Several major fossil fuel infrastructure projects have been built with that impact assessment law in place, including the Trans Mountain expansion project, LNG Canada, the Coastal GasLink pipeline, as well as major project approvals like Bay du Nord off the coast of Newfoundland and Labrador.
Poilievre said his party would protect the environment, but that he believes Canada exporting LNG to other countries that burn coal, like India, would be a way to lower global emissions.
That view is not supported by experts.
According to a recent study from Cornell University, emissions from American LNG are 33 per cent higher than coal, when processing and shipping are taken into account. The findings add to a growing pile of evidence undermining the argument put forward by fossil fuel companies that LNG can be a “bridge fuel” for countries burning dirtier fuels.
In China, for instance, the Institute for Energy Economics and Financial Analysis (IEEFA) found growing LNG imports have not reduced the country’s coal demand due to cost, energy security concerns and the “meteoric rise” of renewables.
India specifically is working to reduce its imports of fossil fuels to protect its energy security, undermining the proposal Poilierve laid out.
Carney’s ‘all-of-the-above’ approach
Carney said he would work with provinces to streamline environmental assessments, but when it comes to energy he took an all-of-the-above approach — reiterating his campaign promise for Canada to be an energy superpower in both clean and conventional energy.
“I'm interested in getting energy infrastructure built,” he said. “That means pipelines, that means carbon capture and storage, that means electricity grids.”
Carney said the oil industry in particular must become low-carbon and endorsed the Pathways Alliance project as one his government would work to advance if elected.
“One of the big projects we need to move forward with is carbon capture and storage — the Pathways project — so that we have oil and gas that is competitive not just today, but 10 years from now, 20 years from now,” he said. “As the world uses less, we want to have more market share.”
If the country boosts fossil fuel production, even if paired with carbon capture technology, global carbon emissions would still rise because the vast majority of emissions from fossil fuels comes when the fuel is burned. Climate science is clear that the planet will continue to warm to dangerous levels — leading to worsening extreme weather, premature deaths, lost species and disrupted economies — until greenhouse gas emissions reach net-zero (in other words, reduced until any remaining emissions created are offset by their removal from the atmosphere).
Singh and Blanchet focus on pipelines
NDP Leader Jagmeet Singh, whose party has been relatively quiet on the climate issue throughout the campaign, said he doesn’t know what Poilievre is complaining about when he criticizes the Liberals for being anti-energy when the Liberal government bought the Trans Mountain expansion project.
“While these two compete about who is more pro-pipeline … I think what we need to do, if we're talking about energy in our country, is we need to build an east-west grid,” he said.
Bloc Québécois Leader Yves-François Blanchet noted that because pipelines typically take many years to build, new pipelines are an irrelevant tool to deal with US President Donald Trump.

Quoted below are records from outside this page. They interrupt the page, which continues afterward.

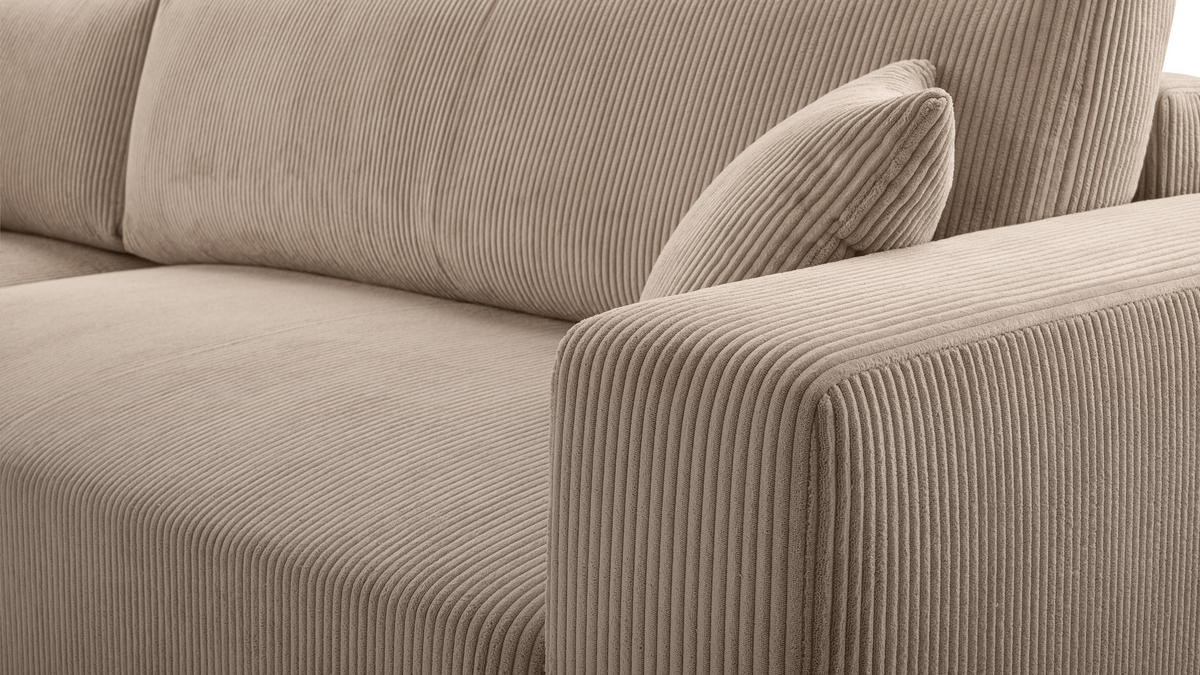 WOHNLANDSCHAFT Catea Beige 364/145/85 cm mit Schlaffunktion - Beige/Schwarz, Kunststoff/Textil (364/84/145cm) - AX Living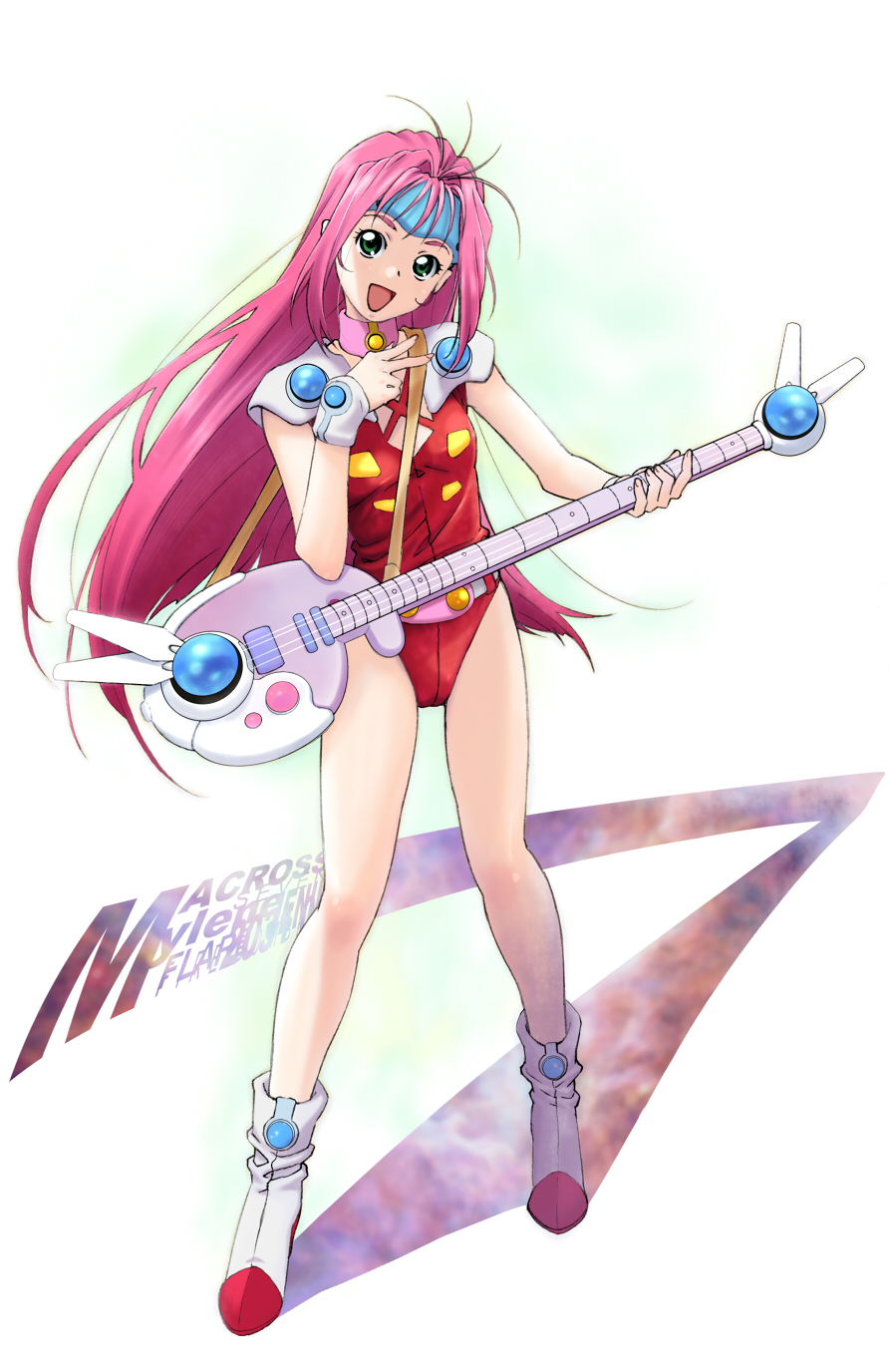 pandaun, mylene jenius, macross, macross 7, highres, 1990s (style), 1girl, boots, female focus, guitar, instrument, legs, leotard, long hair, long legs, pink hair, retro artstyle, solo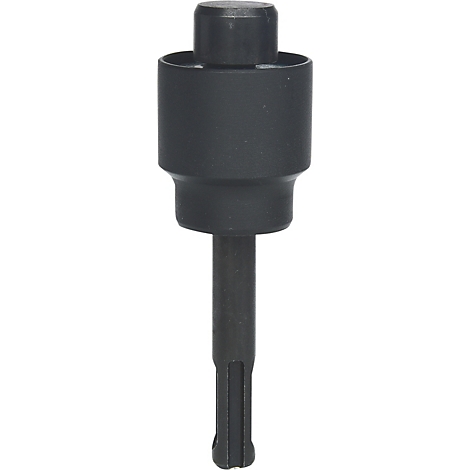 Outil noir avec tête cylindrique, partie centrale cylindrique large et tige étroite et rectangulaire.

“We're in a very strange denial situation about climate change, which still exists and is very expensive,” he said. “And I'm sorry to crash your party guys, but you are telling fairytales. Clean oil and gas is a fairytale. Large scale carbon sequestration is a fairy tale.”
‘Surreal’
“Only Mr. Blanchet called out that ‘clean oil and gas’ is a fairy tale,” said Kathryn Harrison, a professor of political science at the University of British Columbia. “It underscores the persistence of the largest national parties in ignoring the downstream emissions from Canada’s oil and gas exports, and the economic risk that comes with that as the rest of the world acts to mitigate climate change.”

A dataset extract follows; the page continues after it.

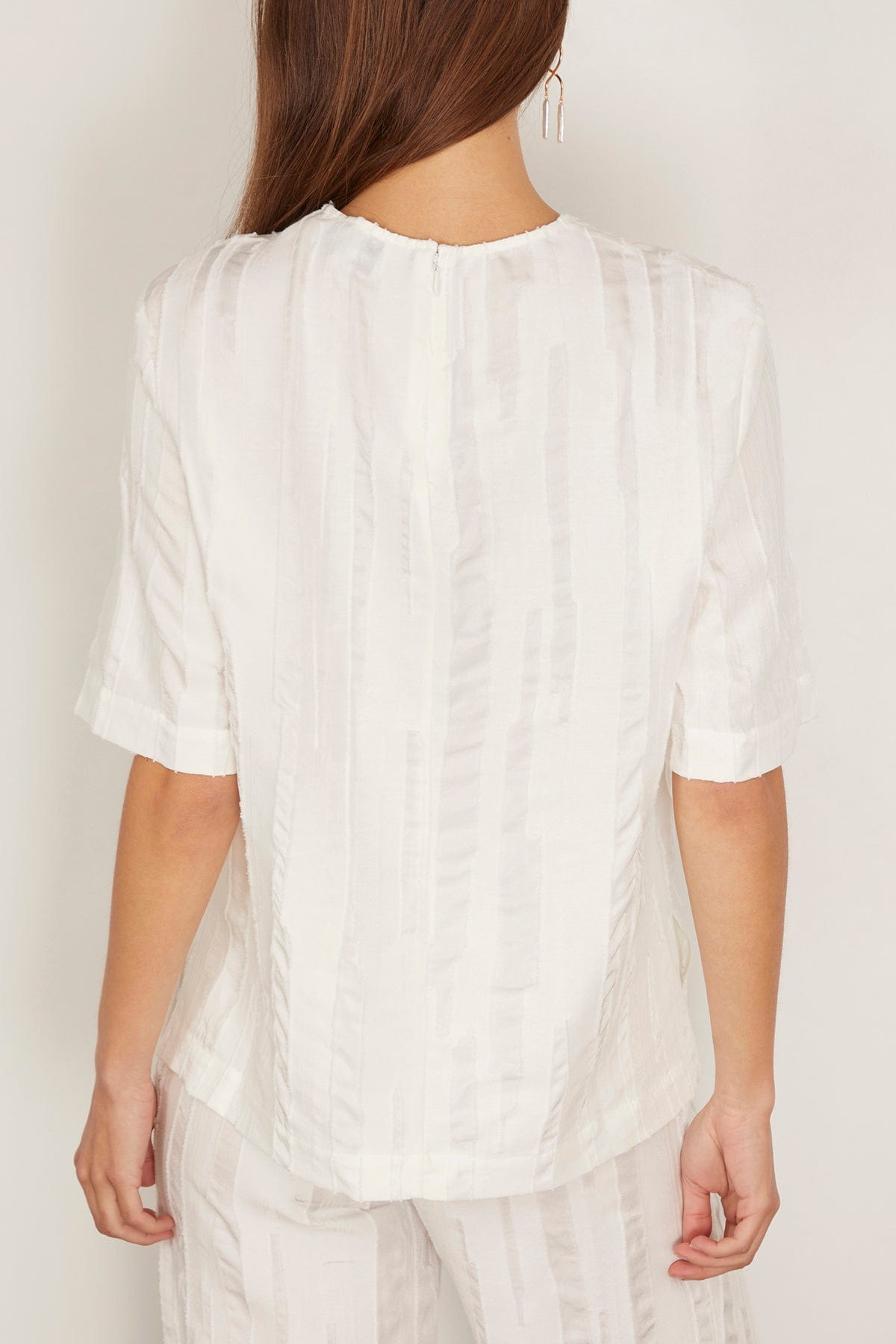Toba Round Neck Blouse in Ivory - 5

Harrison said that it felt “surreal” that climate change took a backseat to debates over building fossil fuel pipelines given that in the past four years the country has watched Jasper burn, record breaking wildfires and unsafe air quality, and over 600 people dying in a heat dome in BC.

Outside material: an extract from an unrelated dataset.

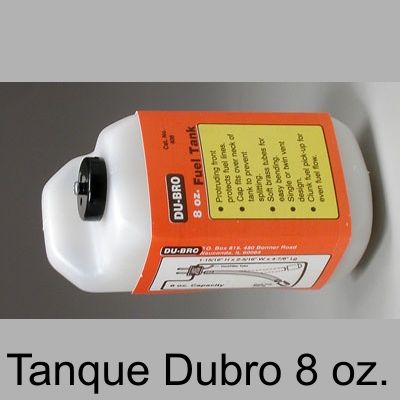 DUBRO 408 Tanque combustível uso em GLOW de 8 Oz. (240ml)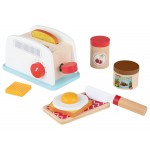 Set mic dejun de jucarie Toaster din lemn cu accesorii - Prajitor de paine pentru copii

“Overall, what a sad state of affairs for Canadian political discourse on climate and energy policy,” said Caroline Brouillette, executive director of Climate Action Network Canada. “The conversation was disconnected from the state of the world in 2025 — and from the opportunities Canada should be seizing to build a truly resilient economy.”
Martin Olszynski, an associate professor at the University of Calgary, told Canada’s National Observer that while the business case for many of these fossil fuel projects don’t exist, this election isn’t about convincing people as much as it is comforting them.
“If the polls are saying a majority of Canadians are giving pipelines a second thought, you’d think twice before deciding to contradict them as a campaign strategy,” he said.
Comments
My only disappointment was that somebody didn't deliver a zinger about the last pipeline costing Canadian taxpayers $50B, that's nearly $4000/household. That they would have no trouble *approving* them, but there would be no more "free money for billionaire oil investors", something like that - a line to make even Conservatives thoughtful.
Because it's clear now that no more pipelines will PAY for themselves, not after that one. Or, at least, no sane investor would try to build one, knowing the government will just let you go broke if you screw up as badly as TMX.
Blanchett said what INVESTORS are now thinking, if you ask me. Without government paying, large oil infrastructure is over, and gas nearly is. (Global oil sales will decline in a year or two at most; gas has three more after that.)
Jagmeet Singh came close with 40 billion. He was busy interrupting another debater so it probably got lost in the noise.
Two things. First, the debate and some of the more intelligent online comments listing Poilievre's voting record made it very plain that the Conservatives must not form government -- any government at any time -- until the Maple Maga effect has run its course and the social conservative rump have lost their energy.
Second, Carney's very generalized inclusion of oil & gas was very disappointing. That is already a big hit to his long record of promoting renewable energy and understanding the costs of climate change before entering politics. If he wants to preserve some kind of legacy, tattered as it may be, he will need to pull a one eighty on pipelines, CCS and the rip 'n ship model of raw resource extraction early in his mandate, should he win a majority. The escape hatch could be having "sober second thought" on the exorbitant costs and the erosion of international demand for oil as renewables, primarily solar, eat away at the periphery. Carney's a finance guy. He understands benefit vs cost and supply & demand. There is the theory that he is playing both sides as a campaign strategy, a technique the Liberals have perfected even without campaigns, to attract moderate conservatives who don't care about climate as much as they care about dealing with the Trump crisis. If Carney continues down the carbon path long after the election without enough electrification and value added economic activity to counter it, then I'll burn his book 'Value(s)'.
A couple of post scripts. Singh is fighting for his political life and to keep the NDP relevant. I wish him the best because they are an important part of the Canadian political landscape and have lots of experience backing Liberal governments with conditions.
Blanchet did well and can afford to speak the truth to the nation because his influence is limited to Quebec. If Carney cultivates too many pipelines in reality after the election, and not just in campaign rhetoric, Quebec will still find it easier than any other province to electrify its entire economy while banning all new fossil fuel infrastructure from within its borders in defiance to federal initiatives. Quebec could be a top leader in decarbonization and a role model for the nation on fighting climate change.
Lastly, no matter how much political capital is spent on fossil fuels (perhaps "gambled" is a better word) the world economy will have the last say. The move away from carbon fuels is inexorable, though it really does need to be ramped up. There's already a shocking number of stranded assets that exist and are in the making in this country, and a lot of professional analysts who would be justified with a mass chorus of I-told-you-so's once export demand declines.